Beginning at the first line of the material, output each line exactly until you reach and include the line containing "Серый Шкода Kodiaq, объемом". Leave every picture out.

*** DATA IN THIS EXERCISE

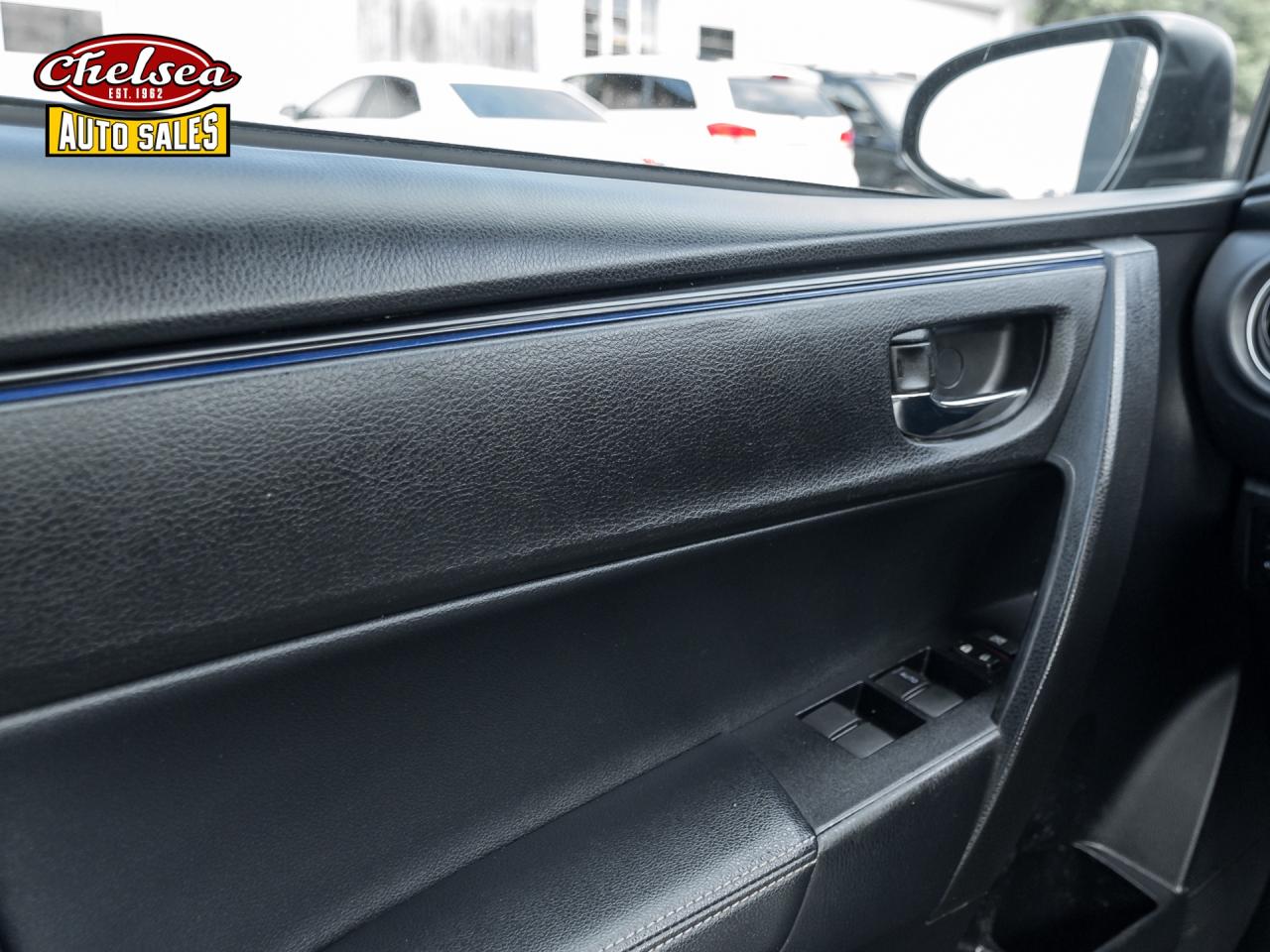 2018 Toyota Corolla XLE CVT Photo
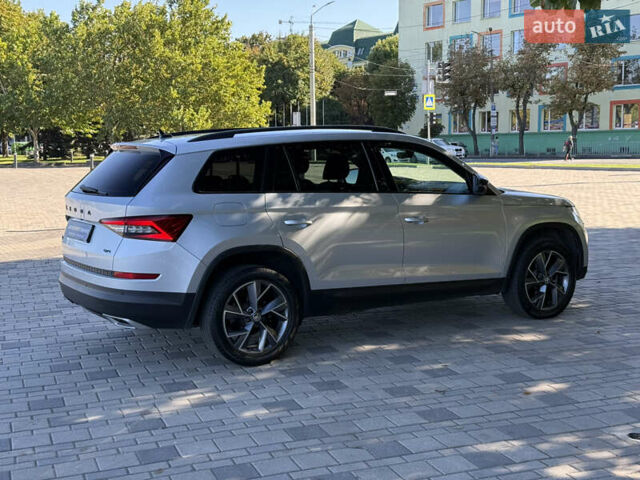 Серый Шкода Kodiaq, объемом двигателя 1.98 л и пробегом 121 тыс. км за 31000 $, фото 7 на Automoto.ua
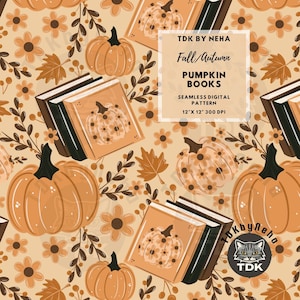 Op de afbeelding: Een naadloos digitaal patroon met oranje pompoenen, bruine boeken en kleine bloemen op een lichtbruine achtergrond. De tekst luidt: TDK BY NEHA, Fall/Autumn, PUMPKIN BOOKS, SEAMLESS DIGITAL PATTERN, 30,48 cm x 30,48 cm 300 DPI.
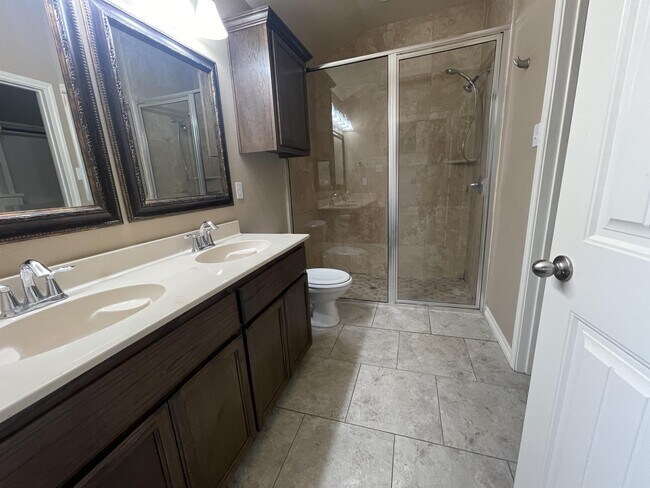 Building Photo - 2202 Retta Dr
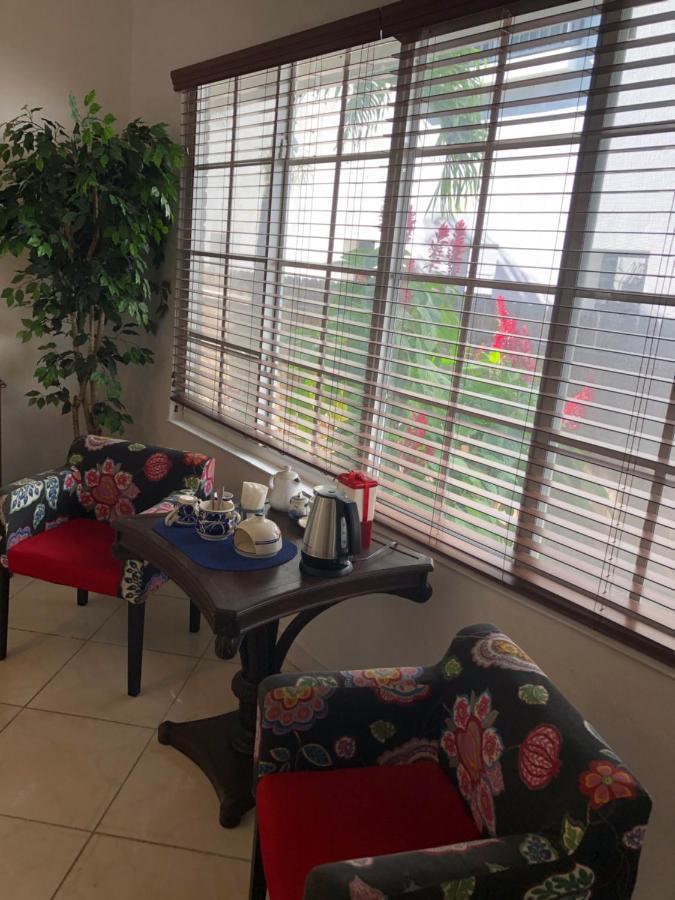 Private Suite Next To Calle Ocho Miami Exterior foto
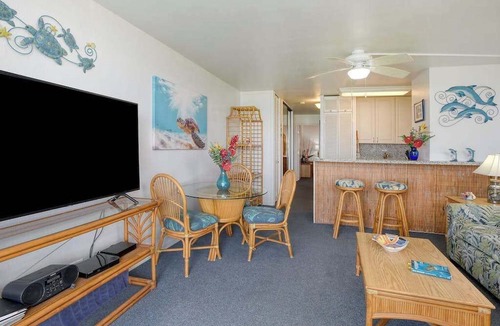 Maalaea Condo | Oceanfront Maalaea Condo with WiFi & Lanai - See Turtles!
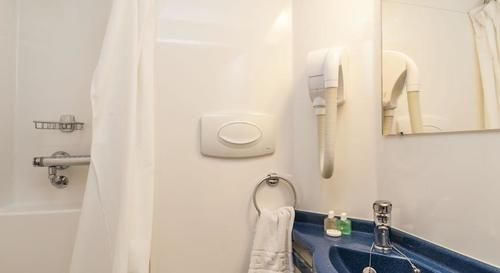Trebovir Hotell 3*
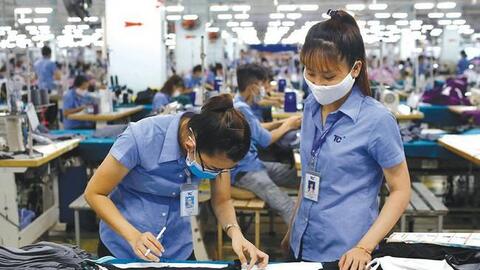 Kín đơn hàng, nhiều doanh nghiệp dệt may lãi lớn trong quý 1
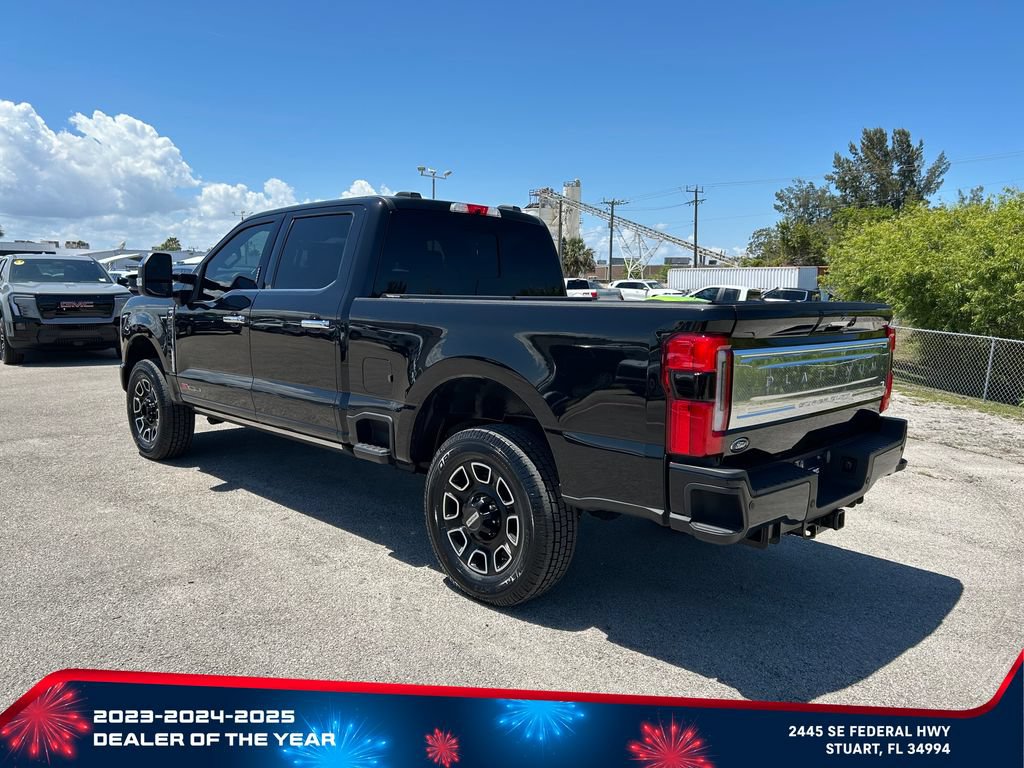Used 2023 Ford F250 Platinum AWD/4WD image 5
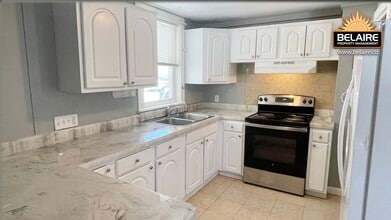 Building Photo - 24 Mt Globe St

******

__WRITTEN SOLUTION__.
 2018 Toyota Corolla XLE CVT Photo
 Серый Шкода Kodiaq, объемом двигателя 1.98 л и пробегом 121 тыс. км за 31000 $, фото 7 на Automoto.ua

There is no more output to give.